When it comes to finance, pigs won't fly


Since the bursting of the asset bubble financiers are on a desperate quest to seek other fiddles to generate the vast incomes they have grown accustomed to. Speculating in national economies appears to be the scam of choice. The power-players are the credit-rating agencies. In a world beyond democratic politics, these self-appointed judges of the worth of whole countries have become market makers.

A downgrade in the rating of the economy of Spain from 'stable' to 'negative' as happened to Spain last week, will cause an abrupt decline in the desirability of Spanish public debt, meaning that the Spanish government will have to pay more to extend its IOUs, and have less available for public spending. This has devastating consequences of the people of Spain. The role of economic policeman once undertaken by researchers from the IMF now appears to have been privatised and passed to the men from the credit rating agencies.

These are the new harbiners of doom whose journeys to the developed economies that were beyond the reach of the IMF lead to savage cuts in public spending and the loss of the services that the vulnerable rely on. The suggestion of such a visit is itself enough to send the credibility of a country spiralling downwards, making it a self-fulfilling prophecy, since this will automatically make it more expensive for that country to borrow. These visits are not neutral fact-finding missions but examples of hostile sabotage attacks on national economies.

But for a financier it represents an opportunity to acquire arbitrage profit from the movement in the value of government stock, especially if the financier were to know which way the movement was likely to move in advance. Spain's membership of the euro means that it cannot suffer the sort of speculation against its currency that made George Soros rich on the UK's Black Wednesday, but placing bets on the movement of Spain's national bonds must be just as lucrative.

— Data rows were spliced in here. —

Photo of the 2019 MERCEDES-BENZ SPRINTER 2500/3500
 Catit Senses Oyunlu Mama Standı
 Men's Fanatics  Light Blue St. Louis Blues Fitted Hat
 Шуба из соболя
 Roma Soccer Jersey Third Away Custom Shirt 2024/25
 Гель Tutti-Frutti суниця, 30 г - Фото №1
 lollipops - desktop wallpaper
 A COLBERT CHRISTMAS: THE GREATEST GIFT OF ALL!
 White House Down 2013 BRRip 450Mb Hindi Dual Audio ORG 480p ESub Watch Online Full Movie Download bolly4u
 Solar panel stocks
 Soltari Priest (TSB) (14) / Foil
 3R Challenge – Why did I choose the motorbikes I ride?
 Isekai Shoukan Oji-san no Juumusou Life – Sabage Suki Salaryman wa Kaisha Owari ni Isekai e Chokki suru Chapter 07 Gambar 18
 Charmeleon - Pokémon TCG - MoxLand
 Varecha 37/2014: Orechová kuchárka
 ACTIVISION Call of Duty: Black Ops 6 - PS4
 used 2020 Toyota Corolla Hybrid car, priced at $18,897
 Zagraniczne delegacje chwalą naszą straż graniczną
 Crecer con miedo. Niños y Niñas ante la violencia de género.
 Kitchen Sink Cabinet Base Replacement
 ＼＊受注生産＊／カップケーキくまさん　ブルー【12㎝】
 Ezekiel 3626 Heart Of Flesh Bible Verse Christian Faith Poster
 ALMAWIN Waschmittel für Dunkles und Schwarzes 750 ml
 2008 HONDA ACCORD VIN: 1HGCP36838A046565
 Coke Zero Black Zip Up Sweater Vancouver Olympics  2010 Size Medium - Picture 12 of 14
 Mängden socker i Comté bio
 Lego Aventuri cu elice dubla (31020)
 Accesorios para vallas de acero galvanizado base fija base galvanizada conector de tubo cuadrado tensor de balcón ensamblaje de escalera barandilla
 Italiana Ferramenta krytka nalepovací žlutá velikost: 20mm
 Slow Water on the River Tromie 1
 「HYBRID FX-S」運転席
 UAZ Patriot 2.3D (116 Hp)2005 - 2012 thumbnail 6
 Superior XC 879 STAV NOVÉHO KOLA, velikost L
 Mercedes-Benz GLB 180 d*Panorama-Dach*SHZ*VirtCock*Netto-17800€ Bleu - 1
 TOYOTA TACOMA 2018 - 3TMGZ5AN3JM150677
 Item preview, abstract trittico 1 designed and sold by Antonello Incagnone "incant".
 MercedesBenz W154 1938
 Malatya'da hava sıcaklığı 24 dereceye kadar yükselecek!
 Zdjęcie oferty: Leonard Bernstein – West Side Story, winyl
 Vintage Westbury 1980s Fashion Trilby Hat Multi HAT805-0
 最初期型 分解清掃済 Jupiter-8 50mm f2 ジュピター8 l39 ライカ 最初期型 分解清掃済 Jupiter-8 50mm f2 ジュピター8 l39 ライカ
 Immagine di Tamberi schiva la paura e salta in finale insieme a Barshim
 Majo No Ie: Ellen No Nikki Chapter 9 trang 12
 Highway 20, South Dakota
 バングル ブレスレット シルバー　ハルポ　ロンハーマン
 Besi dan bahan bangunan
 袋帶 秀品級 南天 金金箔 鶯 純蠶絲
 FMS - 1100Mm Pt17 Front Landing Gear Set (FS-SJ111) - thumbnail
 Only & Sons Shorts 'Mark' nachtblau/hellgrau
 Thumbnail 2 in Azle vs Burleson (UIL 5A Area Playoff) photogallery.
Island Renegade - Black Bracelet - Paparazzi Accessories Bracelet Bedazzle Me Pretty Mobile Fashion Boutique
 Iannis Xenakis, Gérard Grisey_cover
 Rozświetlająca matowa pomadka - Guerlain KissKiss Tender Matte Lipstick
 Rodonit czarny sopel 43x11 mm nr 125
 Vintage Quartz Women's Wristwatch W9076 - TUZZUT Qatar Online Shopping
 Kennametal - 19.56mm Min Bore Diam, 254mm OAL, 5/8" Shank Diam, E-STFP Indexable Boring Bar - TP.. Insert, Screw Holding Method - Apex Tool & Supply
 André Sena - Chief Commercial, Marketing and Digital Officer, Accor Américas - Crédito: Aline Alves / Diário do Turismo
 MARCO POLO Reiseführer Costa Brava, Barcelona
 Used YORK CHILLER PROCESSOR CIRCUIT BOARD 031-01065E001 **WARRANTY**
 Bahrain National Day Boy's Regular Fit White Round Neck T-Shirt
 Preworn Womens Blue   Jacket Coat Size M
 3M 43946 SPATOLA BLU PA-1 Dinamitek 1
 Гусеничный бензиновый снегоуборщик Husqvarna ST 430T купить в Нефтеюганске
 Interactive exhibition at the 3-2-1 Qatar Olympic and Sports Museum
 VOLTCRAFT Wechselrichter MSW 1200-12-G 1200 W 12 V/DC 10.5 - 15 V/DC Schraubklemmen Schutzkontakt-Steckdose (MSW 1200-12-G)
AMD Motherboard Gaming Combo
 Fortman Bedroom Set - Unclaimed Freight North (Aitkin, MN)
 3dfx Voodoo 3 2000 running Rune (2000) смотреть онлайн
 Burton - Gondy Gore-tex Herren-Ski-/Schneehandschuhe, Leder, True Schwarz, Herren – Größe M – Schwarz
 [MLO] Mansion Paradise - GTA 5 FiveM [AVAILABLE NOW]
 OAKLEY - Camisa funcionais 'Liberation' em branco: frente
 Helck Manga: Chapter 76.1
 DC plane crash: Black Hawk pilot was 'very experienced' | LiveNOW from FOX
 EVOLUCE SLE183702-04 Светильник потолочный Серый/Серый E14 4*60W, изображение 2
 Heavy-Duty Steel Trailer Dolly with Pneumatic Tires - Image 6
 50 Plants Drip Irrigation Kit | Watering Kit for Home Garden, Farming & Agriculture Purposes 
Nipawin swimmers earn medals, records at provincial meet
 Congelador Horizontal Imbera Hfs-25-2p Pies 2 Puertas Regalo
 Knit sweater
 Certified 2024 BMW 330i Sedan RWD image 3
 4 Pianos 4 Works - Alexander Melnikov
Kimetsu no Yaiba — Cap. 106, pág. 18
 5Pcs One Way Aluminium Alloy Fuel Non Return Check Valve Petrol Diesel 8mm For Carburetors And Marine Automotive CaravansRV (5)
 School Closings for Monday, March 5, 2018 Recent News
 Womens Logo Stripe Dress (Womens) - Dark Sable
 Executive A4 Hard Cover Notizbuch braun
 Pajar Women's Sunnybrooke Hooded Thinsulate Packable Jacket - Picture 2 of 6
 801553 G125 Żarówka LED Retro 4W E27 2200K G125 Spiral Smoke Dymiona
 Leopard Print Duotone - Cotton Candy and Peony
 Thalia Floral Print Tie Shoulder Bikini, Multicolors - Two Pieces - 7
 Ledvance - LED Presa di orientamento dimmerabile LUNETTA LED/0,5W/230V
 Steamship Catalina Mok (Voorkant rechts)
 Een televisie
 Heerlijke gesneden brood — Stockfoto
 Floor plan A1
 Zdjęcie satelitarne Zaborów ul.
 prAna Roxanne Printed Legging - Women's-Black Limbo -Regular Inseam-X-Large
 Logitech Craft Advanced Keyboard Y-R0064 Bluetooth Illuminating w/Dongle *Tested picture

Most offensive terms of our Mediterranean neighbours have passed into the graveyard of political uncorrectness, but referring to Portuagal, Ireland, Greece and Spain as PIGS is apparently still an amusing pasttime to those in the City. Given the recent political history of these countries, their citizens have little to laugh about. Their historic battle over value between capital and labour is already showing signs of returning, and the spectre of military dictatorship may not be far behind.